English SEPC: trivia and the digital future

Andrea Baumgartel ’19 and LilyRose Weiss ’19 sponsored the English SEPC’s first pub quiz. Photo by Sarina Lincoln.

Acting as a bridge between faculty and students, the English SEPC helps coordinate events, get students interested in the English major and spread information about the English department. The members of the SEPC include Andrea Baumgartel ’19, Steven Duong ’19, Christian Clark ’18, Megan Tcheng ’19 and LilyRose Weiss ’18. However, only three members of the group are present on-campus as the other two are studying abroad.

“This year it’s been a little tricky because we have five of us total, so we have three of us on-campus for the fall,” Baumgartel said. “We’ve mostly been involved with doing faculty review, interviewing students and putting together evaluations of faculty in the English department and preparing gift baskets for the intro English classes.”

The English SEPC sponsored their first pub quiz of the year on Nov. 29 in Bob’s Underground Café, drawing a large crowd during a busy time in the semester. Some of the groups that attended had names that punned on notable works of literature and one group called themselves “Cliterary Analysis.”

“We sponsored two rounds. They were English-related,” Weiss said. One of the questions asked about the infamous neologism “Frindle.”

The group plans to host more events once all their members are on-campus. They will also continue to hold traditional events. Baumgartel said, “Every spring we have a department-wide picnic. Usually, a professor will host at their house and you have to be a declared English major to attend. It’s a nice end of the year thing.”

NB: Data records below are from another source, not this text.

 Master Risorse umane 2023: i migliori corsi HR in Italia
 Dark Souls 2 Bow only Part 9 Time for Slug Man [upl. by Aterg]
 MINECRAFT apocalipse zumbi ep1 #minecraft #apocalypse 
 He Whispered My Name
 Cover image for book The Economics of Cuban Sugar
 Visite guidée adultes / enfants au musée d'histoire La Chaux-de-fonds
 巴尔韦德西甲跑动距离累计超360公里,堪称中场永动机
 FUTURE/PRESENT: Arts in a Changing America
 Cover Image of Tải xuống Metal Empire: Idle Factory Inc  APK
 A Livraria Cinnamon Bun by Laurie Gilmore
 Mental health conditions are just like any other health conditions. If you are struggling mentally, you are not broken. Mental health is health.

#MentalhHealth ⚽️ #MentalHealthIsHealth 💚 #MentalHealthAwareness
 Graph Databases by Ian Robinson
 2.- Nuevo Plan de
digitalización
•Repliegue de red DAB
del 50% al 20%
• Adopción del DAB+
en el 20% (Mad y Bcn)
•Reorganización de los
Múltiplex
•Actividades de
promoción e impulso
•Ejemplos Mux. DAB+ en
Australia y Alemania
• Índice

With the number of humanities majors declining nationwide and the rise of STEM majors, the English SEPC plays an important role in facilitating communication between faculty and students.

“The faculty have been using us as a resource. Our faculty are aware of [the trend] and trying to bump back against that,” Weiss said. “We actually have a really strong English major here at Grinnell in terms of the numbers we’ve maintained.”

Some believe that the Digital Humanities will be the saving grace of the humanities, making it more relevant, though it, in some ways, the field defies traditional methods. The emerging discipline has recently become a part of many departments nationwide and Grinnell’s English department has embraced the new mode of analysis.

“I definitely see it popping up intensely at Grinnell right now. There are a couple of courses taught by Erik Simpson,” Weiss said. “I know next semester he’s a teaching a class that involves computer science, actually, and the way it can be used to analyze texts. I know, personally, I’m still getting used to the idea. I’m a little old fashioned — writing in notebooks and reading physical books. I know it’s important especially in critical theory. I took a class last year on Ulysses and we used a lot of digital humanities tools to analyze that text because it was such a dense text, it was really helpful.”

“Being able to use any new tools necessary to shed new meanings and importance on words that we haven’t realized before can be valuable, not just in criticism,” Baumgartel added.